Subsidiary company Ovations will run schemes in nine PCTs to improve co-ordination of cancer services.
But the GPC questioned the need to pay private firms to run schemes that are little different to those already in existence and expressed 'a lack of enthusiasm' for the Government's programme.
The two-year pilots are expected to run along similar lines to the United Health Group's Evercare schemes, which employ nurses to manage patients with complex chronic diseases and are thought to have inspired the Government's controversial community matrons programme.

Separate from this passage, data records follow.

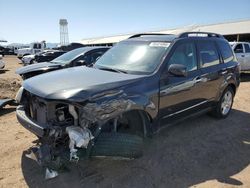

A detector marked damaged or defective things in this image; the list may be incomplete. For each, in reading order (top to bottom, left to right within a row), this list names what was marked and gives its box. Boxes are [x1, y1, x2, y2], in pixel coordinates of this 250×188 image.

shattered windshield [94, 41, 170, 74]
damaged hood [23, 66, 145, 101]
damaged black suv [15, 31, 240, 177]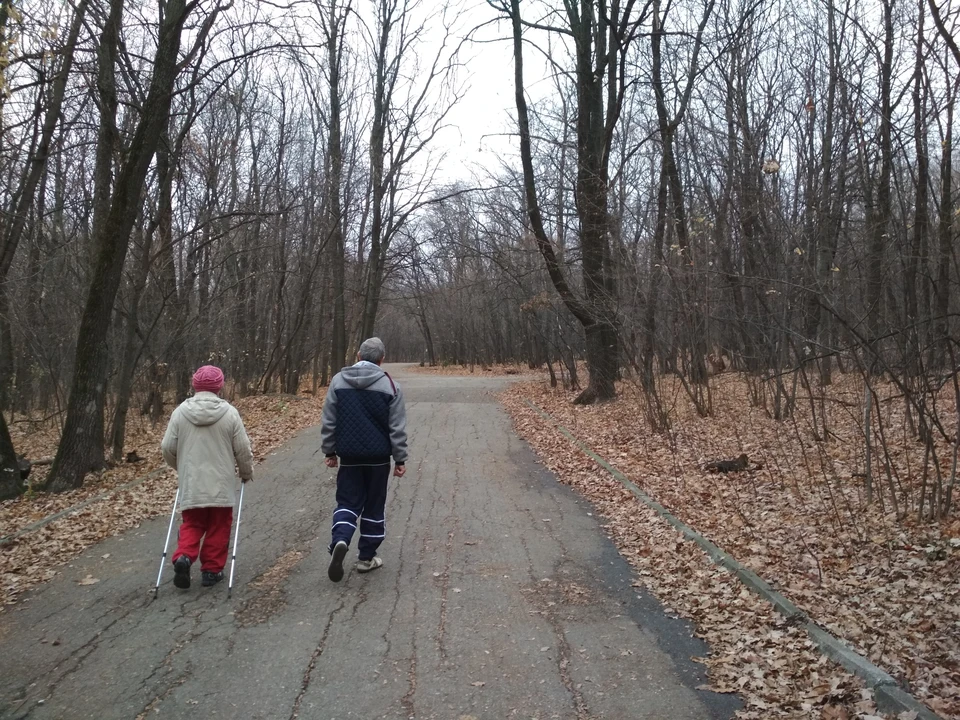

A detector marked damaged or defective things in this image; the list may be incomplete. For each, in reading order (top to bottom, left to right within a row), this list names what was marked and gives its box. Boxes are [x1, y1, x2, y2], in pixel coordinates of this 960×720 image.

cracked asphalt path [0, 368, 740, 716]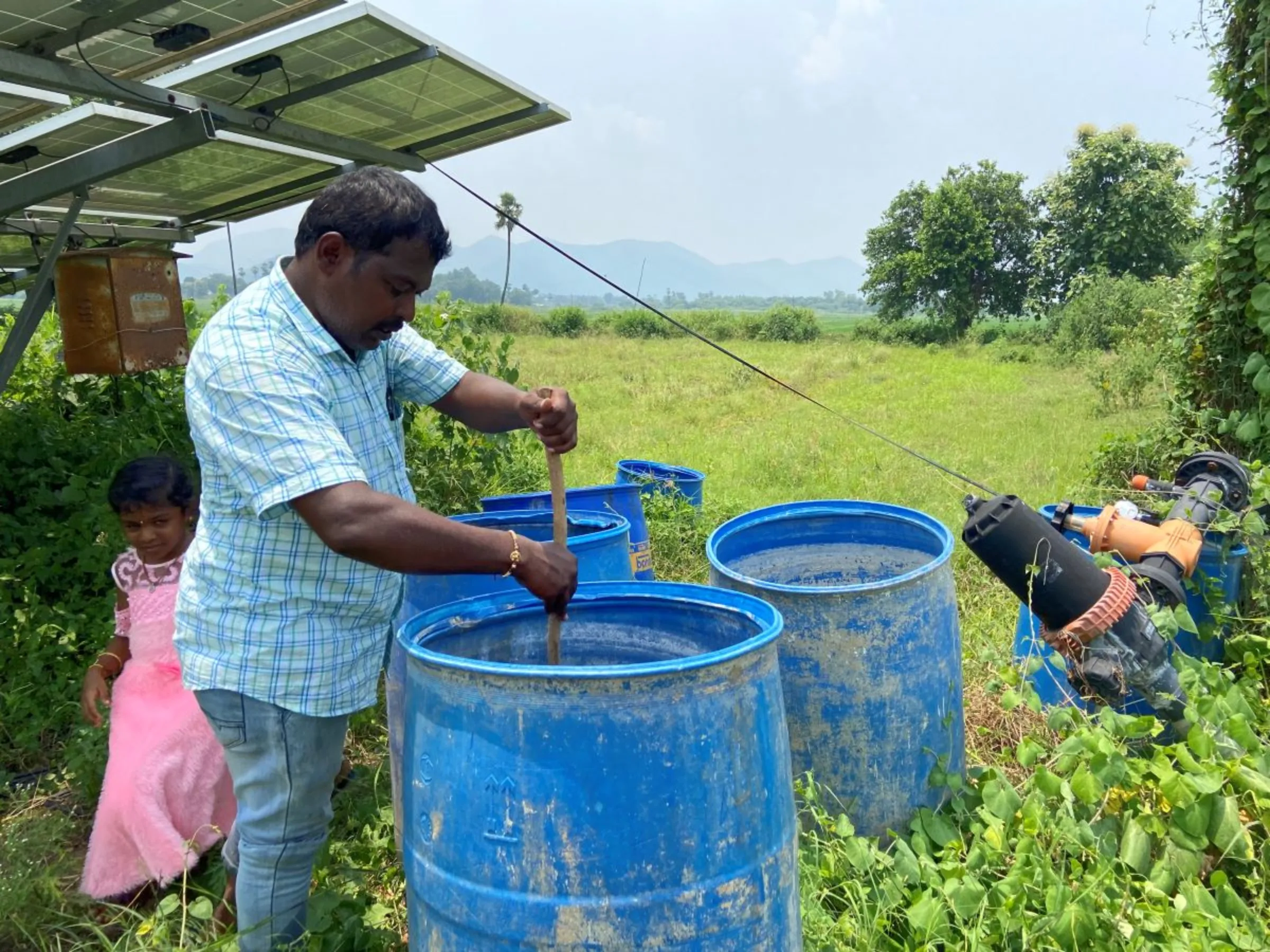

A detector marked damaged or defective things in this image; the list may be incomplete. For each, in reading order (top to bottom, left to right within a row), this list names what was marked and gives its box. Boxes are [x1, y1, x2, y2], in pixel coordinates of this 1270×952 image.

Diane Eden, implementation lead for cancer and palliative care services for Halton PCT, one of the PCTs involved in the scheme, said the pilots were based on the same principle as Evercare.
'It's about making sure patients get the right care, that they have the right medications and co-ordinating all the different services. And keeping patients out of hospital or if they do need to go getting them out quickly,' she said.
But GPC negotiator Dr Laurence Buckman said he wasn't enthusiastic about the scheme. 'Macmillan nurses already provide a service in the community. I want to know what is different about this scheme,' he said.
'GPs can always use more help so if they want to put more money into cancer care why don't they put more money into the Macmillan nurses?'
The GPC recently condemned the community matron programme as 'potentially threatening to the essential role of the GP' because of the plan that the 3,000 matrons should take on overall responsibility for patient care.
But Dr Robert Markham, a GP in York and lead for the Selby and York PCT pilot, said he hoped the scheme would improve co-ordination between primary and secondary care.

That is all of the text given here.